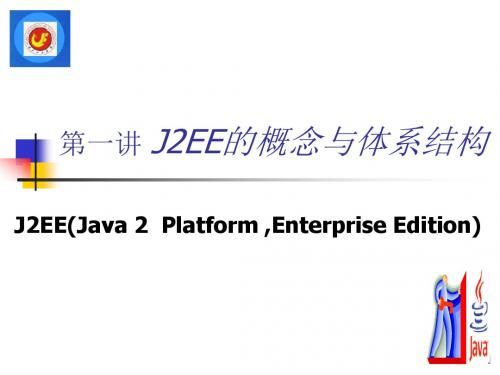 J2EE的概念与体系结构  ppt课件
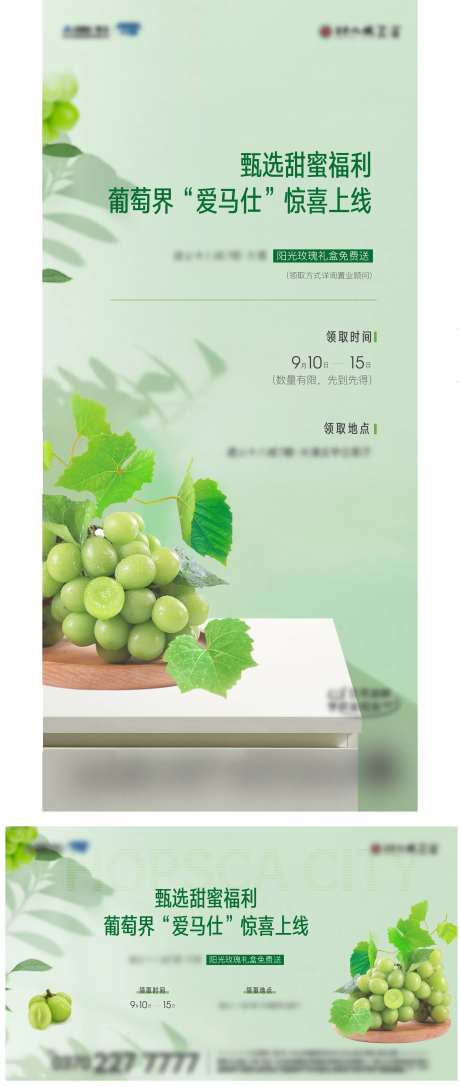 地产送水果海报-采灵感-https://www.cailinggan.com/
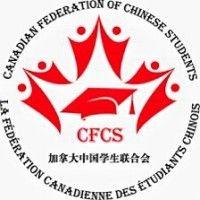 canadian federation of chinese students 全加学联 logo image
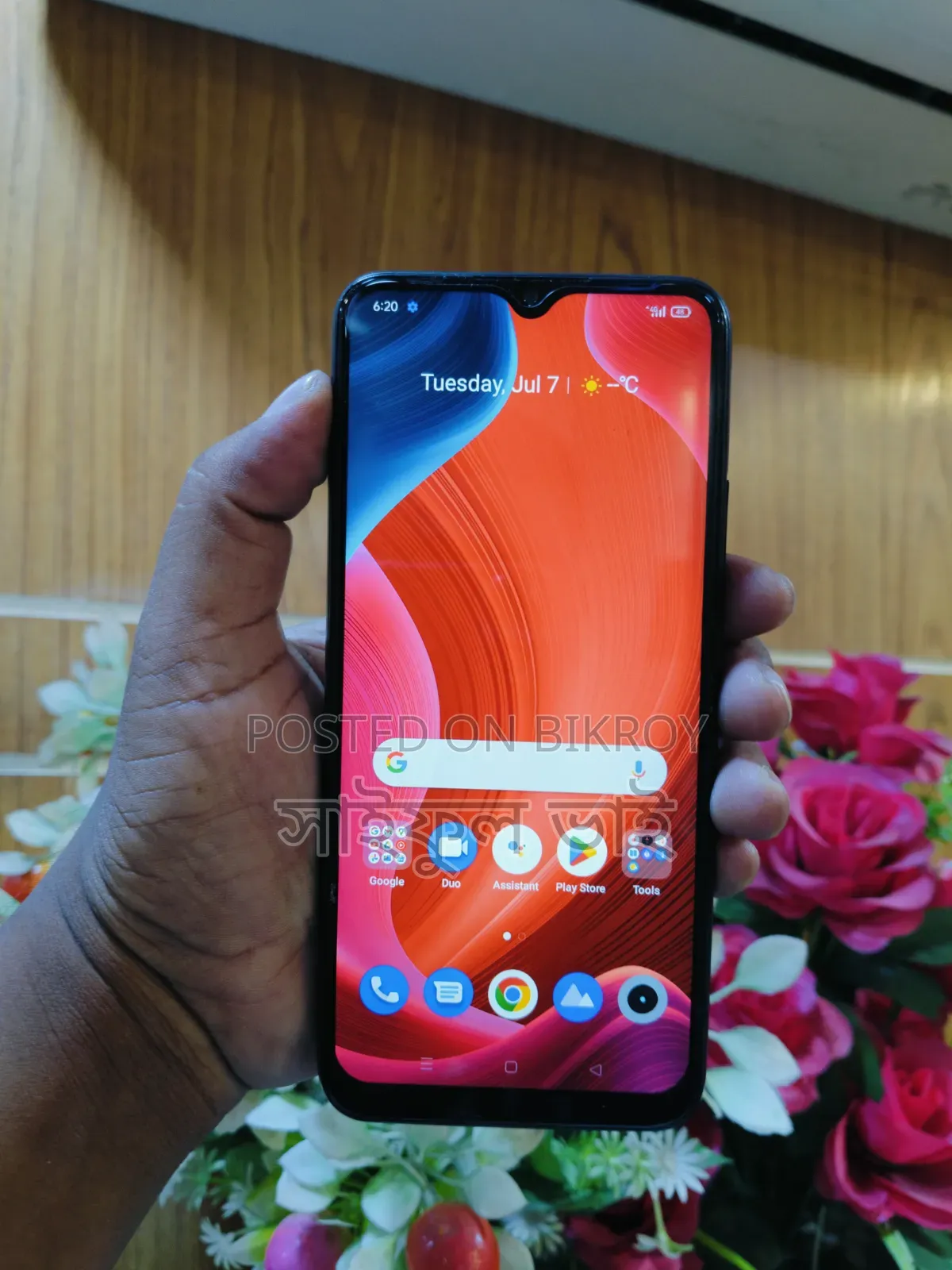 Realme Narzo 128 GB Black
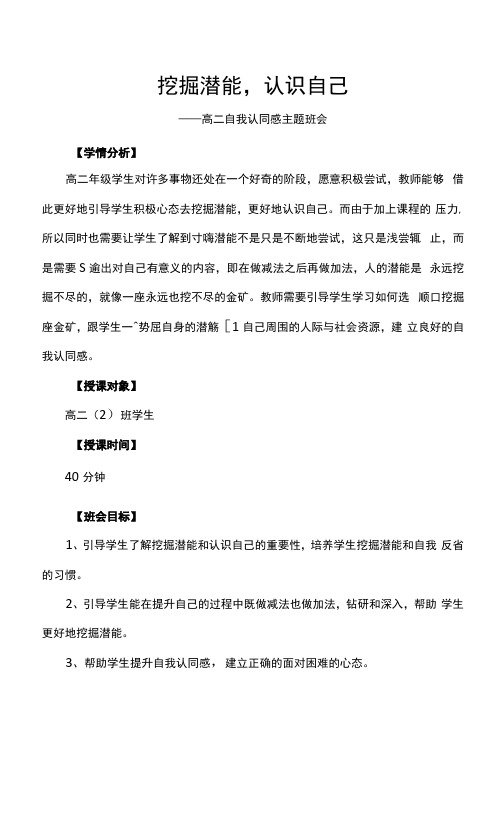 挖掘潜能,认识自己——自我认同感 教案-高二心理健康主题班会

★ ★ ★ ★ ★ ★ ★

Please leave the images out and retype the rest of the material exactly.

 J2EE的概念与体系结构  ppt课件
 地产送水果海报-采灵感-https://www.cailinggan.com/
 canadian federation of chinese students 全加学联 logo image
 Realme Narzo 128 GB Black
 挖掘潜能,认识自己——自我认同感 教案-高二心理健康主题班会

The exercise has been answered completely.